Antes do protesto, a entidade já havia apresentado a proposta à Comissão de Obras e Transportes da Câmara de Vereadores. Conforme o JC noticiou, o órgão decidiu formalizá-la ao município.

Além disso, segundo Tallão, a prefeitura deixou a desejar em relação às cestas básicas. "Em março, o pessoal recebeu, mas está até agora esperando pelos alimentos referentes ao mês de abril", critica.

Este, inclusive, foi um dos motivos que levou o sindicato a organizar a carreata. "Nós entendemos se tratar de uma reivindicação lícita, porque o transporte escolar depende da autorização do poder público para trabalhar e não podemos, por lei, desempenhar outra função com os nossos veículos", pondera.

O presidente da instituição estima que 90% dos trabalhadores do transporte escolar e taxistas não conseguiram receber o auxílio emergencial do governo federal. "Nós já tivemos pessoas com problema de saúde e até gente que precisou se mudar para a casa dos filhos por conta disso", revela.
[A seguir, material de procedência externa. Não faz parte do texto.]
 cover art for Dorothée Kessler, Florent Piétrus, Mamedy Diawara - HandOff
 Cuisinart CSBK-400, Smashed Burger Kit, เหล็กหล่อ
Ao todo, Tallão informa que a cidade abriga 126 vans escolares, 50 monitores e 168 motoristas. Quanto aos taxistas, 288 pessoas conduzem 202 veículos do tipo.

PROJETO DE LEI

Em nota enviada pela assessoria de comunicação, a Prefeitura de Bauru alega que "continuará a fornecer cestas básicas, como vem sendo feito, e estudará a criação de um projeto de lei para o pagamento do auxílio aos motoristas".

Se houver tal possibilidade, o município ainda garantiu que encaminhará o texto para a apreciação da Câmara de Vereadores.